In November last year, Moody’s had forecast India’s economy to expand 7.9 percent in the 2022-23 fiscal beginning April 1. As per official estimates, the Indian economy is estimated to grow at 9.2 percent in the current fiscal ending March 31.
The speed of the recovery from the first lockdown-led contraction in the June quarter of 2020 and subsequently in the June quarter of 2021 during the Delta wave was stronger than expected.
“… the economy is estimated to have surpassed the pre-COVID level of GDP by more than 5 percent in the last quarter of 2021. Sales tax collection, retail activity and PMIs suggest solid momentum. However, high oil prices and supply distortions remain a drag on growth,” it said.
Moody’s said as is the case in many other countries, the recovery is lagging in contact-intensive services sectors, but it should pick up as the Omicron wave subsides.

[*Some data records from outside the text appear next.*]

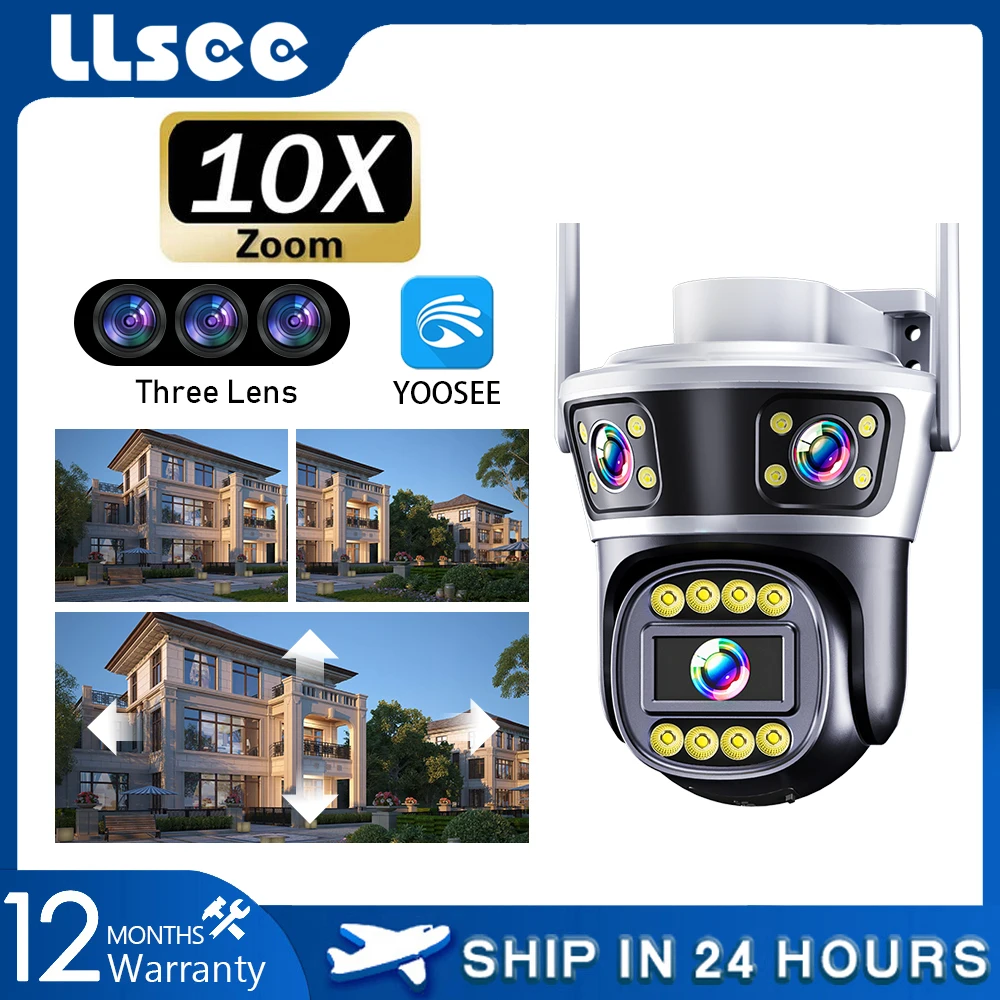 

LLSEE YOOSEE,Three lens,12MP,wireless WiFi camera,optical zoom,closed-circuit television camera,IP security protection camera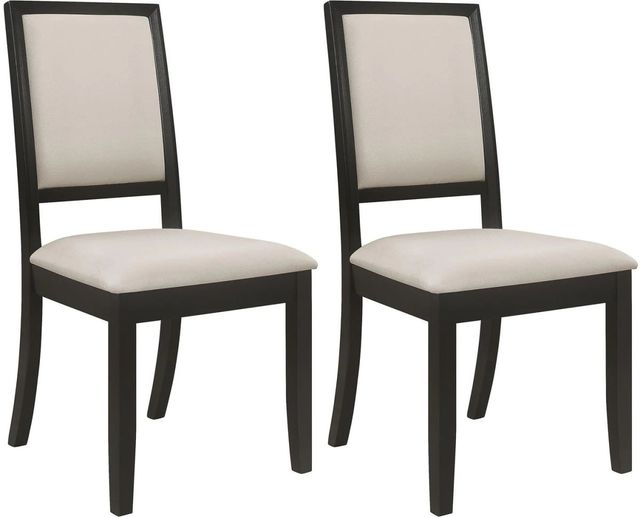 Coaster® Louise 2-Piece Black/Cream Dining Side Chairs-2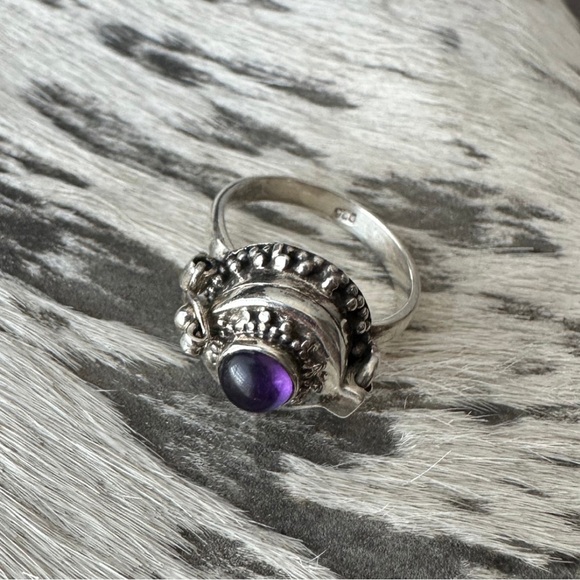 NEW Amethyst Poison Ring 925 Sterling Silver Stamped ✨ SIZE 5.5 - Picture 2 of 5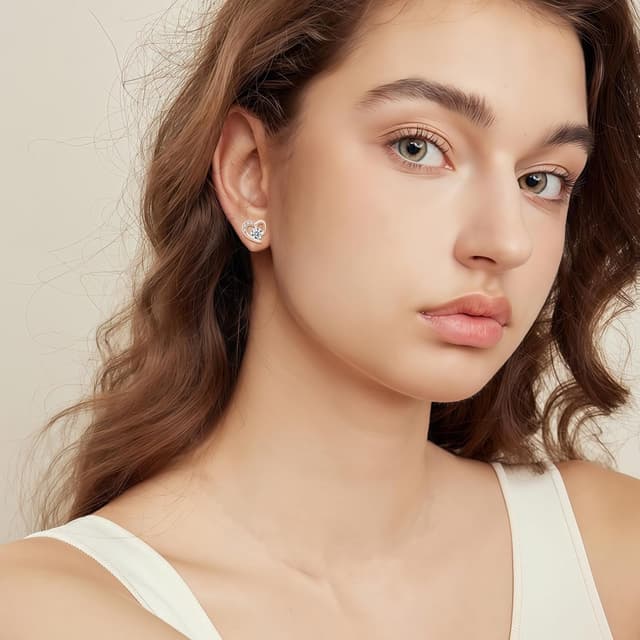 Detalle de Cangall Ohrstecker Silber 925 Herz mit Cubic Zirkonia (10 mm) – hypoallergen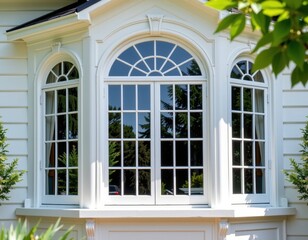 Fototapeta premium Elegant French pane bay windows, adding architectural charm and natural light to any home. Classic design, intricate detailing, perfect for traditional or mode, interior design, interior, exterior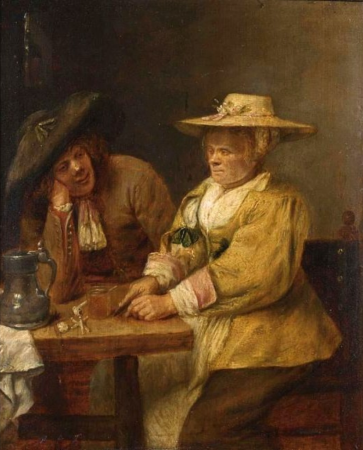 A couple at a table drinking and cutting tobacco., Joos van Craesbeeck, between 1635 and 1661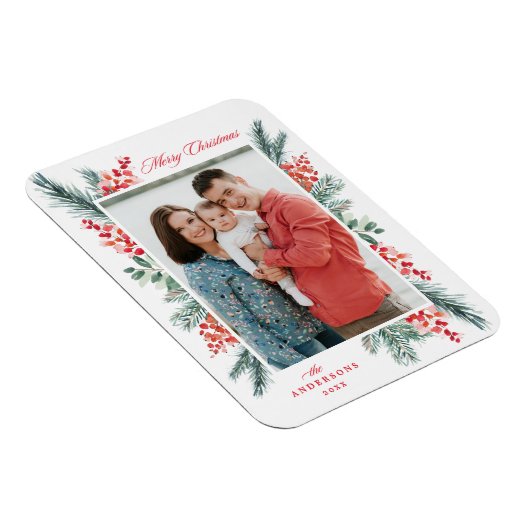 Holly en Evergreen Vrolijk Kerstfeest Foto Magneet (Rechterzijde)
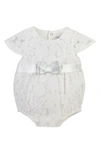 CARRIAGE BOUTIQUE LACE CHRISTENING BUBBLE BODYSUIT WITH SATIN BOW,74158-9M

With most remaining restrictions now being lifted with the improvement in the COVID situation, including the reopening of schools and colleges for in-person instruction across various states, the country is on its way to normalcy.
“Our 9.5 percent growth forecast for 2022 assumes relatively restrained sequential growth rates; thus, there is upside potential to the growth rate. We estimate the carry-over from a strong finish to 2021 will add 6-7 percent to this year’s annual growth,” it said.
The 2022 union budget prioritizes growth, with a 36 percent increase in allocation to capital expenditure to 2.9 percent of GDP for the fiscal year 2022-23, which the government hopes will crowd in private investment. With the RBI leaving interest rates unchanged at its February meeting, monetary policy remains supportive.
“We expect the RBI to begin tightening liquidity measures and to raise the repo rate in the second half of this year, provided that growth momentum continues to improve,” Moody’s said.